Die Karte landete im hintersten Fach ihres Portemonnaies. Dort, wo alte Papiere und Dinge lagen, an die man sich kaum noch erinnerte. Zwei Jahre lang blieb sie unberührt. Anna lebte weiter, arbeitete, mietete eine kleine Wohnung und lernte, nicht zurückzublicken.

Bis eines Tages der Anruf aus dem Krankenhaus kam.
Ihre Mutter brauchte dringend eine Operation. Man schickte ihr eine lange Liste mit Rechnungen und eine Summe, bei der ihr schwindlig wurde. Die Ersparnisse reichten nicht. Eine Wahl gab es kaum noch.
An einem kalten Abend stand Anna vor einem Geldautomaten. Ihre Finger zitterten, als sie die Karte ihres Ex-Mannes einsteckte und die vertrauten Zahlen eingab. Der Bildschirm lud quälend langsam. Diese wenigen Sekunden dehnten sich zu einer Ewigkeit.
Als der Kontostand erschien, erstarrte Anna vor Schock …
Die Zahlen auf dem Bildschirm waren kaum zu begreifen. Anna blinzelte mehrmals und dachte, sie habe sich geirrt oder der Automat habe eine Störung. Doch der Betrag änderte sich nicht. Es war eine riesige Summe. Nicht nur genug Geld für die Behandlung, sondern so viel, dass man die Mutter retten und danach gut leben konnte.
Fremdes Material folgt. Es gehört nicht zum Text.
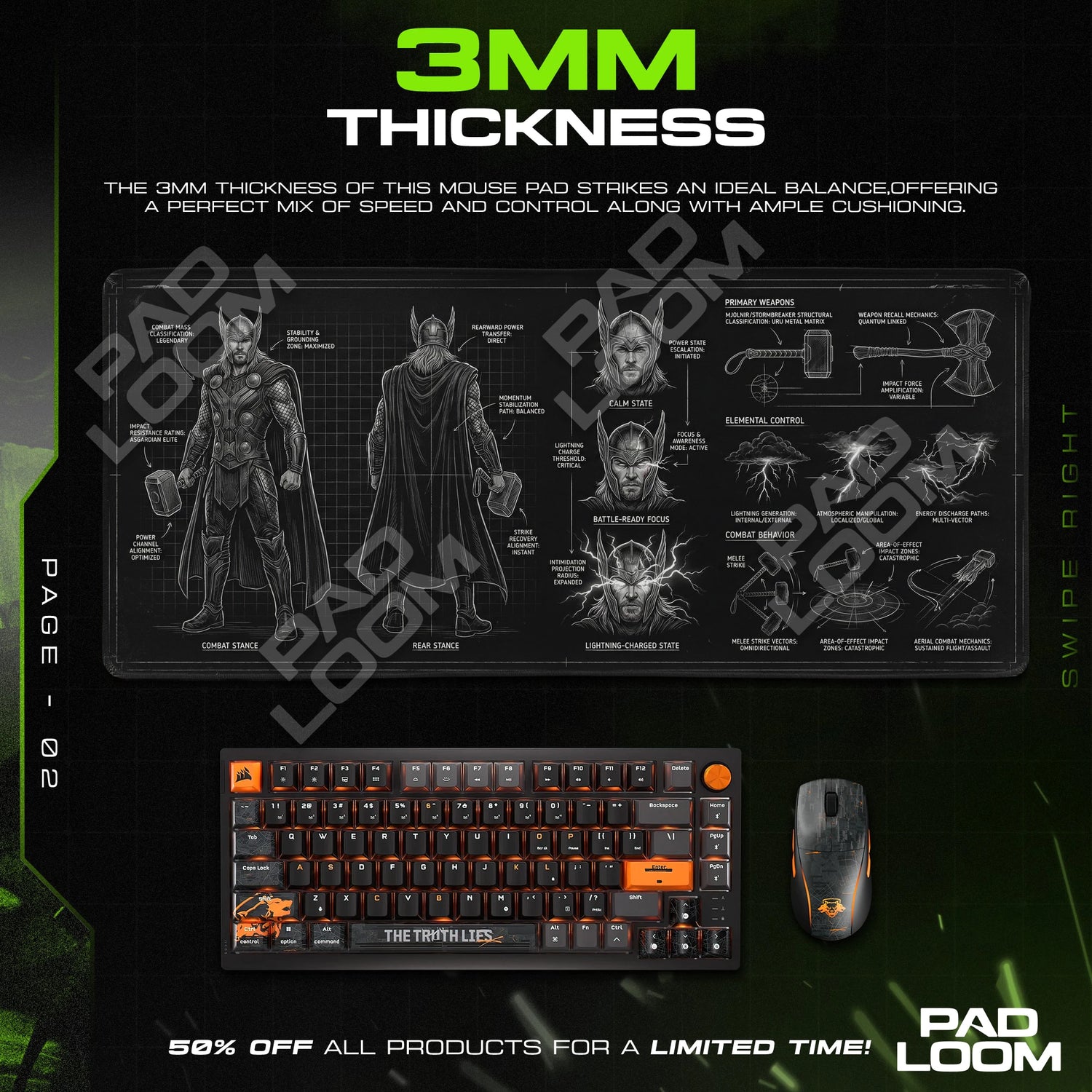 Thor Combat Dossier Mouse Pad - Marvel Desk Mat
Anna trat zur Seite, lehnte sich an die kalte Wand und starrte lange auf den Bildschirm ihres Handys, bevor sie die Nummer wählte.
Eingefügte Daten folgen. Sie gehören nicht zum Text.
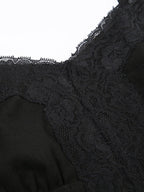 Deep V-neck Solid Color Lace Trim Split Camisole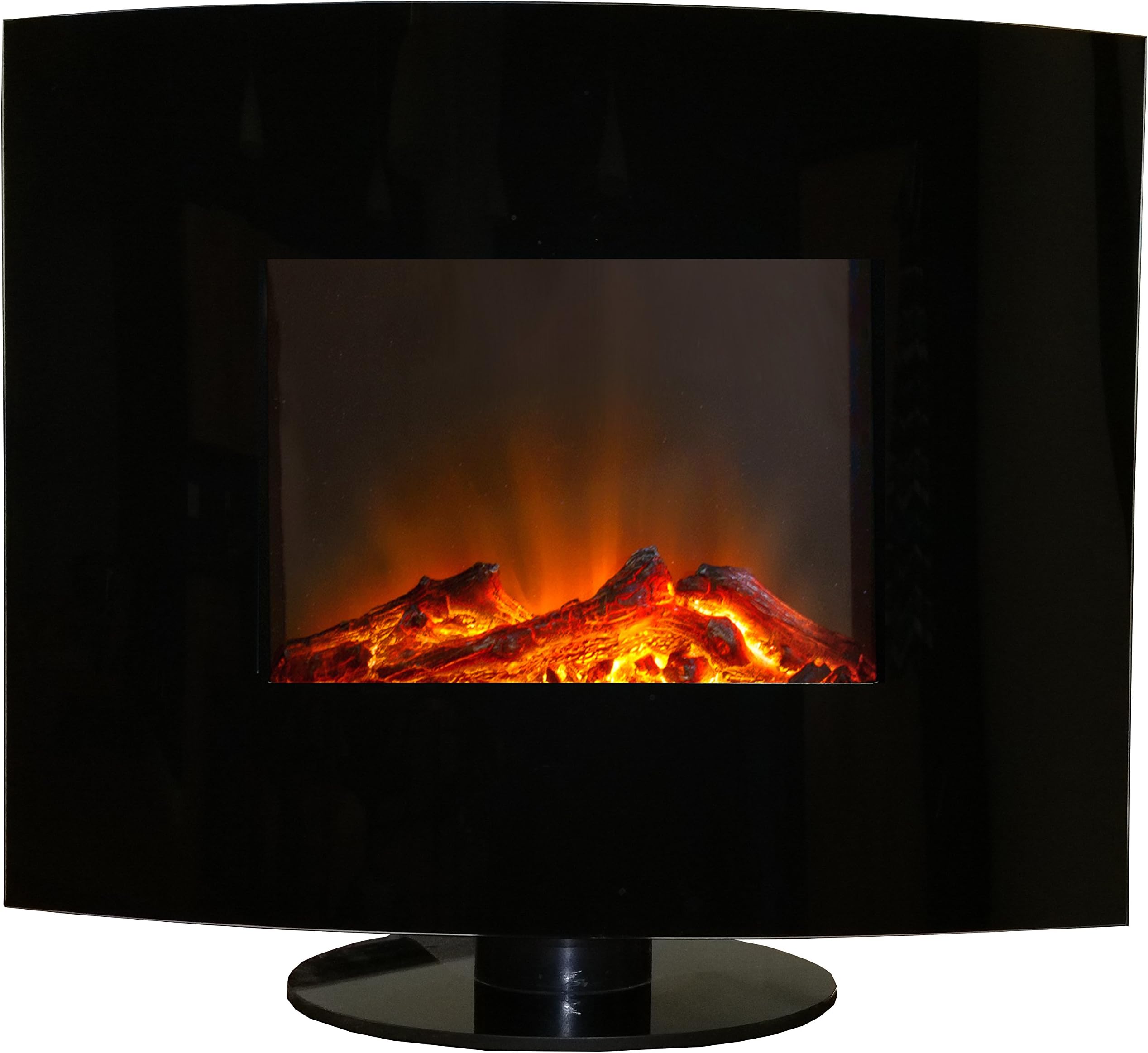 Springfield 24-Inch Black Panoramic Glass Fireplace Heater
Mark ging fast sofort ran.
— Du hast die Karte überprüft, — sagte er nicht fragend, sondern feststellend.
Anna atmete aus.
— Mark, was bedeutet das? Woher ist so viel Geld darauf?
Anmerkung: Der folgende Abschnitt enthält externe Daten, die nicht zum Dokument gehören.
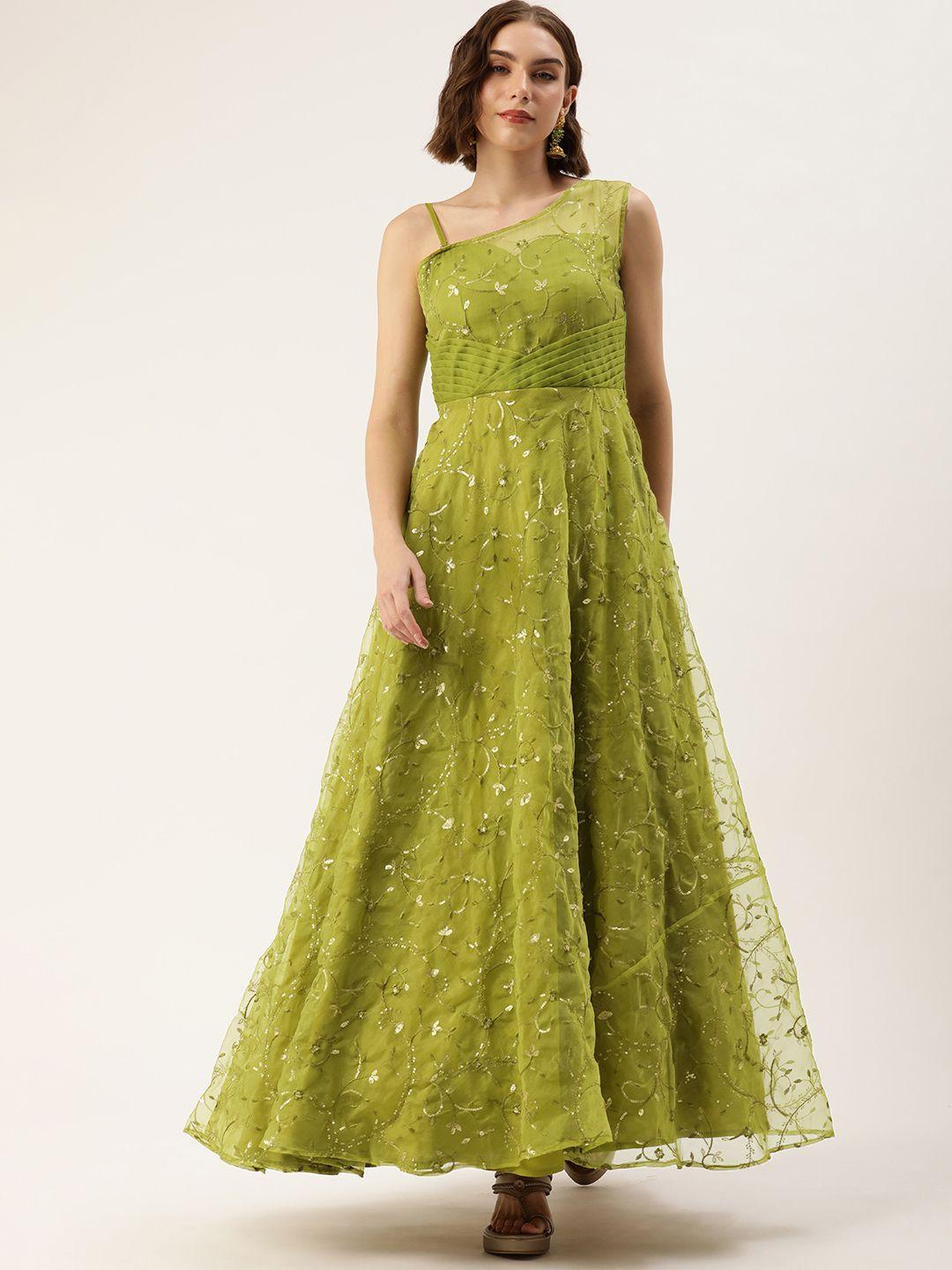 ethnovog floral embroidered sequinned gown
Am anderen Ende der Leitung entstand eine Pause. Dann sprach er langsam.
— Nach der Scheidung habe ich begriffen, wie viel ich zerstört habe. Nicht durch Betrug, nicht durch Streit, sondern dadurch, dass ich immer mich selbst gewählt habe.
Anna schwieg und umklammerte das Telefon.

— Jeden Monat habe ich Geld beiseitegelegt. Ich habe es einfach auf diese Karte überwiesen und nie gedacht, dass du sie jemals in einen Automaten stecken würdest. Es war keine Hilfe im eigentlichen Sinn. Eher ein Versuch, irgendwie mit dieser Schuld zu leben.
Anna schloss die Augen. Vor ihr verschwanden plötzlich Jahre voller Kränkungen, lauter Gespräche und das Gefühl, einfach aus dem Leben gestrichen worden zu sein.
— Du hast meine Mutter gerettet, — sagte sie. — Dafür bin ich dir dankbar. Wirklich.
Mark seufzte, als hätte er andere Worte erwartet.
— Ich bin froh, dass du die Karte genommen hast.
— Aber ich bitte dich, — fuhr Anna fort. — Tu das nicht mehr. Nicht aus Schuldgefühlen. Nicht heimlich. Es ist mir wichtig zu wissen, dass es das letzte Mal war.
— Ich verstehe, — antwortete er. — Ich werde es nicht tun.
Anna steckte das Handy weg und blickte noch einmal auf den Bildschirm des Geldautomaten. Sie wusste, dass ihre Mutter leben würde.